• WHAT TO WORK ON
In the records below, find the line with "Image of three" and the line with "Tirelire ancienne Bijenkorf". Print both exactly, along with every line between them, and no other line.
Segment Start: DATA FOR THIS TASK
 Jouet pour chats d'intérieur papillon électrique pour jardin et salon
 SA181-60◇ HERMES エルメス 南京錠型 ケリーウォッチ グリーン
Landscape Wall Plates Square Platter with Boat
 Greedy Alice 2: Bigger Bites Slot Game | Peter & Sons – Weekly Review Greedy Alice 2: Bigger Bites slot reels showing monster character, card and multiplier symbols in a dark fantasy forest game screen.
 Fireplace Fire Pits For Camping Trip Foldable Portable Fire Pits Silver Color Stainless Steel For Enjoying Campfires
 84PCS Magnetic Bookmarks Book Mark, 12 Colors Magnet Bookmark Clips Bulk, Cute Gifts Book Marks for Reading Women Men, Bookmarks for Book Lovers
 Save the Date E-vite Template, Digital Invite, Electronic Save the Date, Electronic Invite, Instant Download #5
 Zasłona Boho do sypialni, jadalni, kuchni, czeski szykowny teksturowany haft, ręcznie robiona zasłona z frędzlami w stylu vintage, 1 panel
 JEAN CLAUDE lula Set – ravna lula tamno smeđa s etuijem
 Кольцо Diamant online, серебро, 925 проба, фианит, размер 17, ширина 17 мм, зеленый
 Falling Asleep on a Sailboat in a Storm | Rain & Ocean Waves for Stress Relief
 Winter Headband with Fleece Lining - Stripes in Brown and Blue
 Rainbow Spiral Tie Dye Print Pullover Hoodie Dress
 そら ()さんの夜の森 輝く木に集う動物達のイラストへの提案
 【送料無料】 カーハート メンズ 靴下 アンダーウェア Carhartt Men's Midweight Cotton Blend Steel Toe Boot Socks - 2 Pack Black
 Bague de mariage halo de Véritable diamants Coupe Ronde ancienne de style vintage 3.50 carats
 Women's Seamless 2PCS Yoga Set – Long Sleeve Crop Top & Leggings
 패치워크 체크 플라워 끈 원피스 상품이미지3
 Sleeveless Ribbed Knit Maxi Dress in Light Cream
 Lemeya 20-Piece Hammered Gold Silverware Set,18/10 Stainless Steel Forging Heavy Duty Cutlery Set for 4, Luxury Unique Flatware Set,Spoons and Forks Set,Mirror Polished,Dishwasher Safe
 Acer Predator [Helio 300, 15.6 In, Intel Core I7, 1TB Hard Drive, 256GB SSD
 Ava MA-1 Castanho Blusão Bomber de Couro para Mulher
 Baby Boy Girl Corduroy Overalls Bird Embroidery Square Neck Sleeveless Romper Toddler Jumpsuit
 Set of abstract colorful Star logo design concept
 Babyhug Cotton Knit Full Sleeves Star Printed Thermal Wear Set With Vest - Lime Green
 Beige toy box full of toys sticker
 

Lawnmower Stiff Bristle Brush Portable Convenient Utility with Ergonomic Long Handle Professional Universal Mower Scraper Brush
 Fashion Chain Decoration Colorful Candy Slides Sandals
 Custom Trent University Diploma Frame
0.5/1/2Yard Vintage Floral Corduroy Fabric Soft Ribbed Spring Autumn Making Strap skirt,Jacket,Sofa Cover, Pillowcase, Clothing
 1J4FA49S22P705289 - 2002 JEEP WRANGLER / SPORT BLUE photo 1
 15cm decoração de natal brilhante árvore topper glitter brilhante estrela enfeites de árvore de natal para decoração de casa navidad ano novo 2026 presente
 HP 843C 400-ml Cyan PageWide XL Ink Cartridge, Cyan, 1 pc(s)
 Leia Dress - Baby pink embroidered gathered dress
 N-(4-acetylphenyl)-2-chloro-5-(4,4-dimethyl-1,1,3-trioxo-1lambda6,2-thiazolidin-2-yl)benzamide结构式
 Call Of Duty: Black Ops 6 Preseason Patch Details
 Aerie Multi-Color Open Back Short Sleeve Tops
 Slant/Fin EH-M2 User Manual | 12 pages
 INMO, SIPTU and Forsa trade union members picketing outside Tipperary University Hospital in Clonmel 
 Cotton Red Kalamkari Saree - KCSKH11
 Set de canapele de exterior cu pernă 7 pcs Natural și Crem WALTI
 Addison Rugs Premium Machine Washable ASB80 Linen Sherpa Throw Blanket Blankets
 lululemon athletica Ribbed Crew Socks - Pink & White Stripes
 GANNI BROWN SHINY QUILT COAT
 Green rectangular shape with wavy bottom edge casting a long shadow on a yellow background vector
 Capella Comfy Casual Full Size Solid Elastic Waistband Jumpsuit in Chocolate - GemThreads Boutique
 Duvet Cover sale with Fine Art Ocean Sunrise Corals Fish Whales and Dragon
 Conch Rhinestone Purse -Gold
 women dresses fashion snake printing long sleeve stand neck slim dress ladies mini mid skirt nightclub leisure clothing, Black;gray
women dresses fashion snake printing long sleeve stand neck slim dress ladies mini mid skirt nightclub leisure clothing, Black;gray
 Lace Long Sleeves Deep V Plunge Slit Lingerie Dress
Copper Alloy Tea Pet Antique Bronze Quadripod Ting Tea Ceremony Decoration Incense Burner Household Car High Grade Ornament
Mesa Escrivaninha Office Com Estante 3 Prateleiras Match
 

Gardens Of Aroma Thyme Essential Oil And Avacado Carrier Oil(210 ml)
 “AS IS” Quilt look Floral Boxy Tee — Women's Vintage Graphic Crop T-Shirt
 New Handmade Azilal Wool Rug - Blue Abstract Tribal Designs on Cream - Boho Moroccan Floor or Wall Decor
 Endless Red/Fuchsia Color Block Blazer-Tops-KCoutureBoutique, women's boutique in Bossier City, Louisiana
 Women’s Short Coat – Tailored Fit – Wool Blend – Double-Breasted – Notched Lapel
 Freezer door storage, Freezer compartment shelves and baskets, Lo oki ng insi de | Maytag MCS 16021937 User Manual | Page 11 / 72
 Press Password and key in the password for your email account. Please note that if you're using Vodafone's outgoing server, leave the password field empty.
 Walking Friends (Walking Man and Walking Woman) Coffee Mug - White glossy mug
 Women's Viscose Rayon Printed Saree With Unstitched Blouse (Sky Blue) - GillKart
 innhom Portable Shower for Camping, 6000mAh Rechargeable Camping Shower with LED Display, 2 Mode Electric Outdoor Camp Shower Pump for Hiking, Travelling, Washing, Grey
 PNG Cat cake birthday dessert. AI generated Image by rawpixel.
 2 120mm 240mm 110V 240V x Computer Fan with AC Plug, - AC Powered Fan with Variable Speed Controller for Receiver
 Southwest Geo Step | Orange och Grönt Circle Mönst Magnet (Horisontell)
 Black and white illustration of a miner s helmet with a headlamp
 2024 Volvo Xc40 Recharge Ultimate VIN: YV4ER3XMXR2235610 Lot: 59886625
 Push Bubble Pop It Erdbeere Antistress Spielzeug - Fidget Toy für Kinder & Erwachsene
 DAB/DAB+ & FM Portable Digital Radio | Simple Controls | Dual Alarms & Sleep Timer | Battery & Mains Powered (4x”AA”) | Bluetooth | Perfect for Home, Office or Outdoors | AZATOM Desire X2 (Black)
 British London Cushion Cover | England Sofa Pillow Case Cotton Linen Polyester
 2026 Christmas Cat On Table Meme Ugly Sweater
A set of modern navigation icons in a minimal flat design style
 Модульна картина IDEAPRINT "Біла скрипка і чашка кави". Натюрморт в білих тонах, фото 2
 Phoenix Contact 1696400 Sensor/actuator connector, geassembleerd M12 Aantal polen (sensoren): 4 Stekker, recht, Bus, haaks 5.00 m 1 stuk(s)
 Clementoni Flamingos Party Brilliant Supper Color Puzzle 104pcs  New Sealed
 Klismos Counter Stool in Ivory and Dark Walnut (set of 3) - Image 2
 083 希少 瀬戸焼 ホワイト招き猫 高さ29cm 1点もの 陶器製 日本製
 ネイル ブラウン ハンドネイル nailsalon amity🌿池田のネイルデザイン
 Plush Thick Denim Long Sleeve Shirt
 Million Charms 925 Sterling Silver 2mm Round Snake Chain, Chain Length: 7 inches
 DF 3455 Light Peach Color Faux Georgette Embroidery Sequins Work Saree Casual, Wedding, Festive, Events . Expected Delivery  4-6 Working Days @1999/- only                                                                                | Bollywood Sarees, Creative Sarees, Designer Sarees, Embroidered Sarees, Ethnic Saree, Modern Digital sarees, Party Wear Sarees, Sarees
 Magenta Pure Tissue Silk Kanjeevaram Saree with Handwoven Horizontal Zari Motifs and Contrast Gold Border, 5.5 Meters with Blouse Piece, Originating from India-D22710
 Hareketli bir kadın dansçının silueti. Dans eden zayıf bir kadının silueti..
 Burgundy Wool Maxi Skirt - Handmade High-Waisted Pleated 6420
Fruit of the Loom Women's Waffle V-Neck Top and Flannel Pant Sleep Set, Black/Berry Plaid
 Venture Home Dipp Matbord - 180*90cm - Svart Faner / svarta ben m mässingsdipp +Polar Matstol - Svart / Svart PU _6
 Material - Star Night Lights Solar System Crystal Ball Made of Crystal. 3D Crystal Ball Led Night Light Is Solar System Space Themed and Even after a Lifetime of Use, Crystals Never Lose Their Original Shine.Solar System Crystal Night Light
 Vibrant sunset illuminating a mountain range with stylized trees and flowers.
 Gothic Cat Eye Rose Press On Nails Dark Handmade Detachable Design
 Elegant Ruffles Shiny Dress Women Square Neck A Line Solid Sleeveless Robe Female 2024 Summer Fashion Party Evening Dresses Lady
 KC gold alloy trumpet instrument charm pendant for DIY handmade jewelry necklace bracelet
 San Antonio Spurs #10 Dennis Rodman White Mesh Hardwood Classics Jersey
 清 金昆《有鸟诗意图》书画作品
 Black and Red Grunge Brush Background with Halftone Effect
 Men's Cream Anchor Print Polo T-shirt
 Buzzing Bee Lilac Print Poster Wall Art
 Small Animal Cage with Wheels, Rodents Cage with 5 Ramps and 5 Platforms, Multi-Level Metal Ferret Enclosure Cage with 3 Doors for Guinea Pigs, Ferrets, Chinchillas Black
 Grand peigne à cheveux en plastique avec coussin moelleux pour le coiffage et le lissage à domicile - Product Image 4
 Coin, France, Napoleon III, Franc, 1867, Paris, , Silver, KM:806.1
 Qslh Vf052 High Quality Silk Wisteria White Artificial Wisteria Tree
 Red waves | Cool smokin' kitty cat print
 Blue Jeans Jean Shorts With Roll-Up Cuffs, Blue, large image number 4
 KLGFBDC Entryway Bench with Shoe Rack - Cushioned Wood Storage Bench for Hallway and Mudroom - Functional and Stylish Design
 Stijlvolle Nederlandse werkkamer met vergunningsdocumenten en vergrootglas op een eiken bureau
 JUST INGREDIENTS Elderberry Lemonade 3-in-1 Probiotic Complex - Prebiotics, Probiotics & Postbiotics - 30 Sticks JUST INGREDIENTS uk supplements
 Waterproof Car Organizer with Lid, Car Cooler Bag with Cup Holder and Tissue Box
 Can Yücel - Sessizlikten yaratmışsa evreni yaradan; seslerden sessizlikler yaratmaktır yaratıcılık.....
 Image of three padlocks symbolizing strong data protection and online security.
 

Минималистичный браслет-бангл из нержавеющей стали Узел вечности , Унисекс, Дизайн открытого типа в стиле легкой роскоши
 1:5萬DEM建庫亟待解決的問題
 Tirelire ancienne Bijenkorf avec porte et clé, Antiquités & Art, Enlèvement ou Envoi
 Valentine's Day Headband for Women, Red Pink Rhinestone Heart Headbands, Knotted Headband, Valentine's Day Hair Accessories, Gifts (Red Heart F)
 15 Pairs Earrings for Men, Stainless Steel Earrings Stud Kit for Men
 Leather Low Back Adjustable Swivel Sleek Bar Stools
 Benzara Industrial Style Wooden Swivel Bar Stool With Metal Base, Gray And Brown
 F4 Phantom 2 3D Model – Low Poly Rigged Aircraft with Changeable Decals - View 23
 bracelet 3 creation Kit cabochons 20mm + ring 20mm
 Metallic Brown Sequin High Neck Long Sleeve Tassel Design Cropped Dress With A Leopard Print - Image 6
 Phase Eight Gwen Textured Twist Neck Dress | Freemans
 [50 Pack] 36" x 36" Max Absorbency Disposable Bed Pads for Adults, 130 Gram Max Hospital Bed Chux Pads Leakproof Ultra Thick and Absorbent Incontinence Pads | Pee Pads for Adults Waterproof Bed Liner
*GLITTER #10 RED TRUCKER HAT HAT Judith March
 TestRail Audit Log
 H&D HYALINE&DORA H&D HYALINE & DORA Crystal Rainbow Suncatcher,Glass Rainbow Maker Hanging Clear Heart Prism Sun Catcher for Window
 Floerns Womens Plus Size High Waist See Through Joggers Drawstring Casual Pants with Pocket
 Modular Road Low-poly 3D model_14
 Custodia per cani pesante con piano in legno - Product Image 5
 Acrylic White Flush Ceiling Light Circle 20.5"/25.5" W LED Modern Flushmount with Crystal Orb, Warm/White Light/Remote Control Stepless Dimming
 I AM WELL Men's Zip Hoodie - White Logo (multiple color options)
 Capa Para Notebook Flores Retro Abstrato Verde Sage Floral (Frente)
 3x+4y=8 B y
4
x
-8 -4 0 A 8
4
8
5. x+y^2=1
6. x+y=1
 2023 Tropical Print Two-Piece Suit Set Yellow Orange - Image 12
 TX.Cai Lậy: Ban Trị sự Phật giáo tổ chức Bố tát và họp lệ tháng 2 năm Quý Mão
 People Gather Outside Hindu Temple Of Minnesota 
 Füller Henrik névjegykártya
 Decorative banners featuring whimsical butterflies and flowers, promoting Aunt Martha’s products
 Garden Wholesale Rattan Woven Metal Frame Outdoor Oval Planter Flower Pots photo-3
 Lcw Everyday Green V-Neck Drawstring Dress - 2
Segment End: DATA FOR THIS TASK
• ANSWER BOX
 Image of three padlocks symbolizing strong data protection and online security.
 

Минималистичный браслет-бангл из нержавеющей стали Узел вечности , Унисекс, Дизайн открытого типа в стиле легкой роскоши
 1:5萬DEM建庫亟待解決的問題
 Tirelire ancienne Bijenkorf avec porte et clé, Antiquités & Art, Enlèvement ou Envoi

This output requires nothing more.